Supplied material -
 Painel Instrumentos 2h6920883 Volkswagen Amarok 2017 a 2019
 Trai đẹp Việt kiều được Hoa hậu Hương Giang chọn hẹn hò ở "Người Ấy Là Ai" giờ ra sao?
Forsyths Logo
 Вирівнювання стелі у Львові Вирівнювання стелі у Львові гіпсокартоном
...
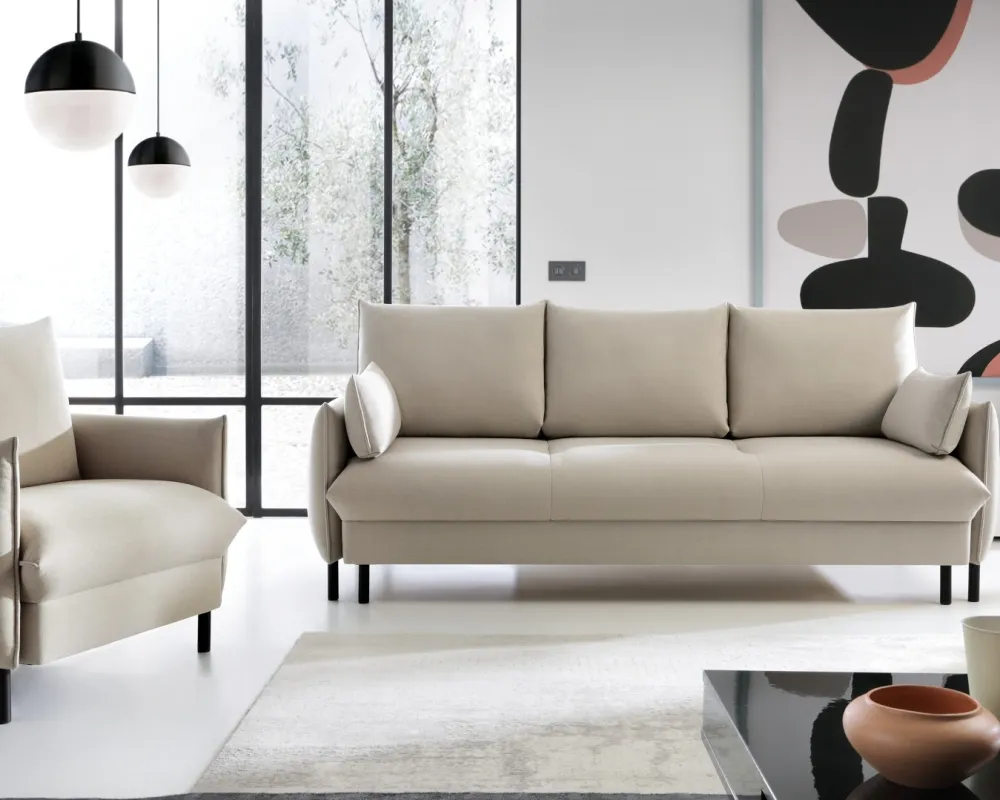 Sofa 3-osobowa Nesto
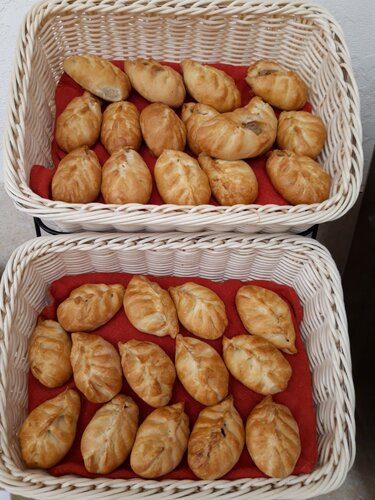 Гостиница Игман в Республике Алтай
...
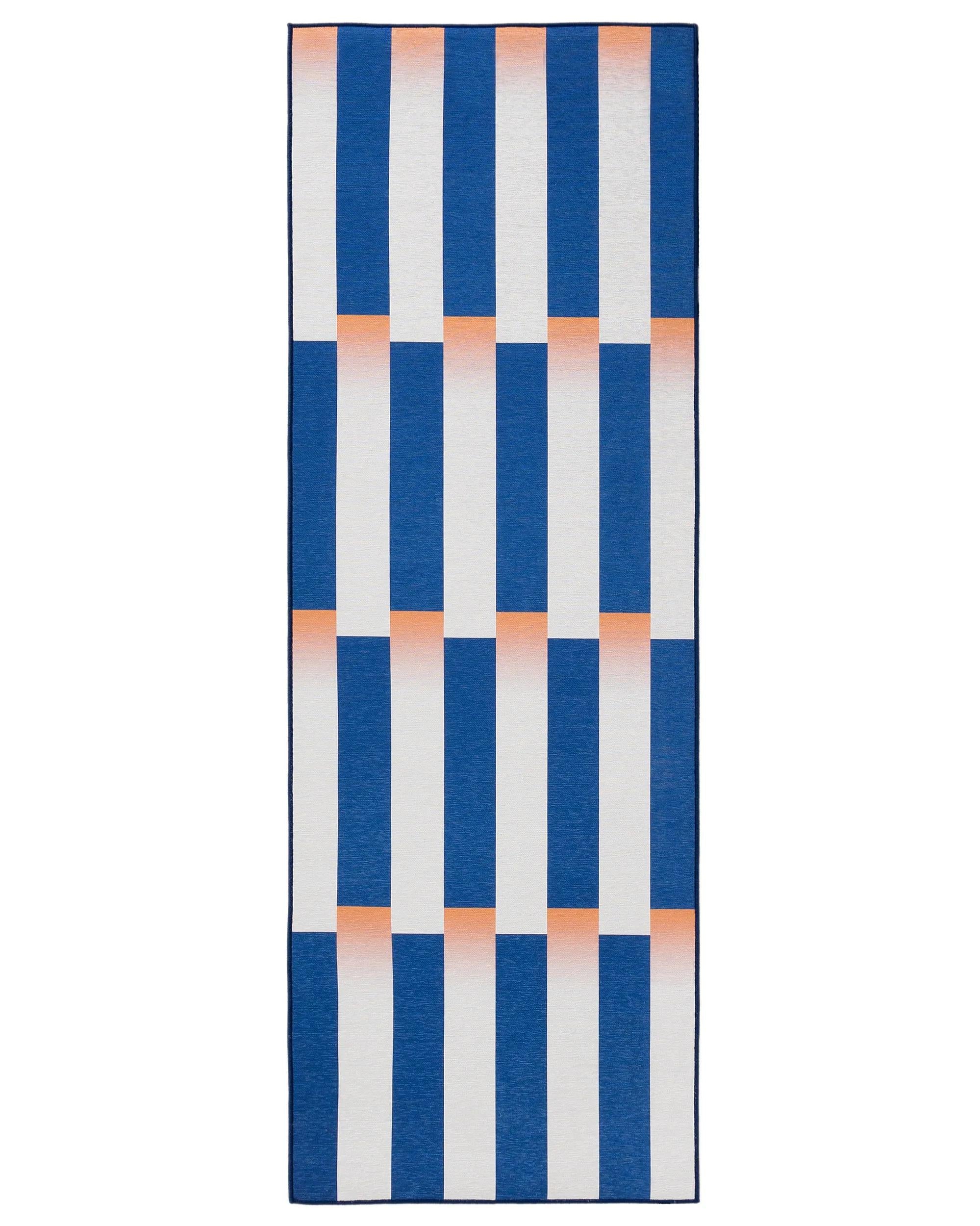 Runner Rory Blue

Prompt -
Using the data above, set down each line from the line with "Sofa 3-osobowa Nesto" to the line with "Гостиница Игман в Республике Алтай" exactly, both ends included, and leave the pictures behind. Nothing else belongs.

Answer section -
 Sofa 3-osobowa Nesto
 Гостиница Игман в Республике Алтай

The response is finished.